Where the line containing "ΣΤΕΦΑΝΙ Sunringle 26" appears below, begin there and reproduce each line exactly through the last one, omitting pictures.

**AVAILABLE DATA:**
+ + + + +

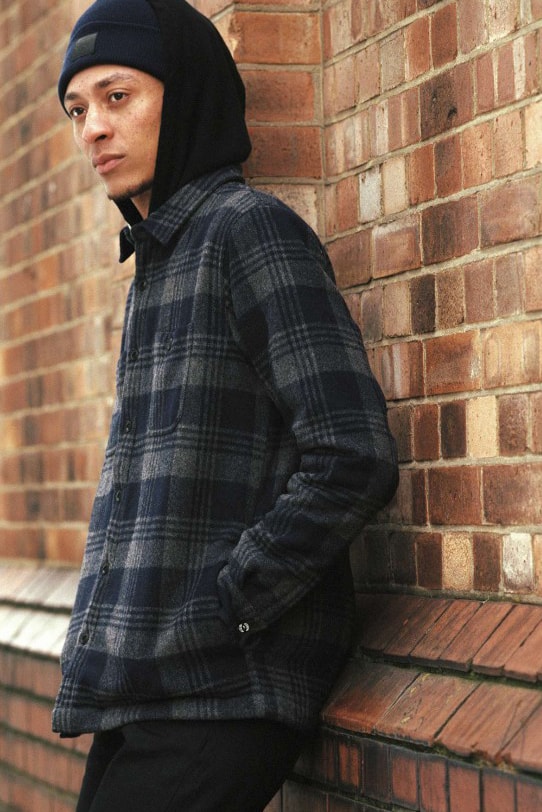 Edwin 2015 Fall/Winter Collection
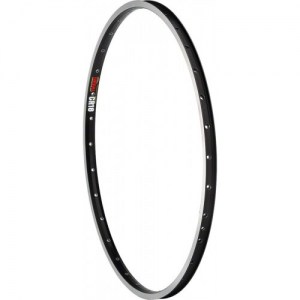 ΣΤΕΦΑΝΙ Sunringle 26 CR-18 pinned 32Τ Μάυρο DRIMALASBIKES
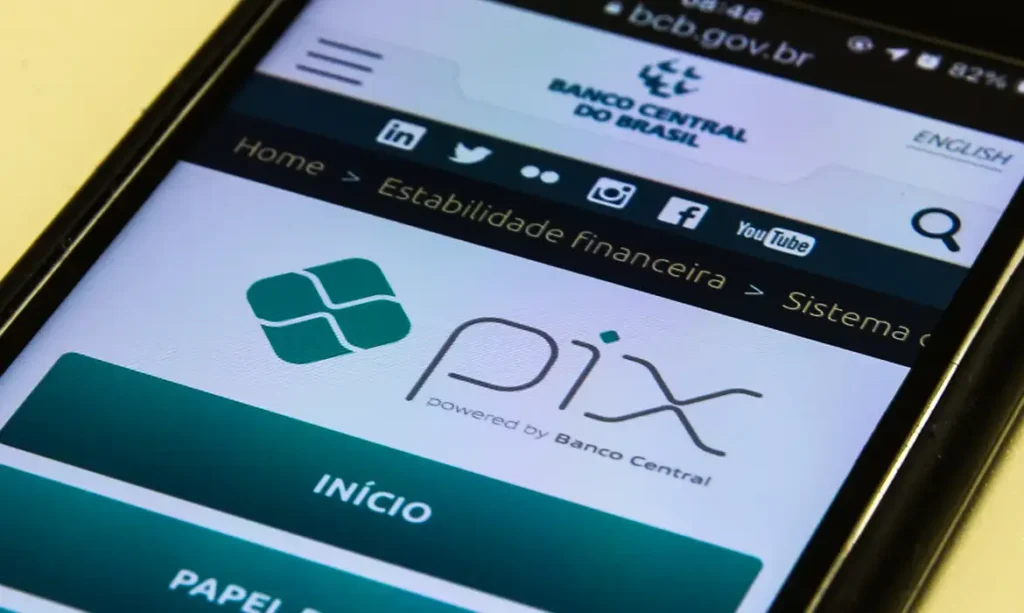 Regras do Pix mudam a partir de novembro com maior rigidez e segurança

+ + + + +

**SOLUTION TO THE EXERCISE:**
 ΣΤΕΦΑΝΙ Sunringle 26 CR-18 pinned 32Τ Μάυρο DRIMALASBIKES
 Regras do Pix mudam a partir de novembro com maior rigidez e segurança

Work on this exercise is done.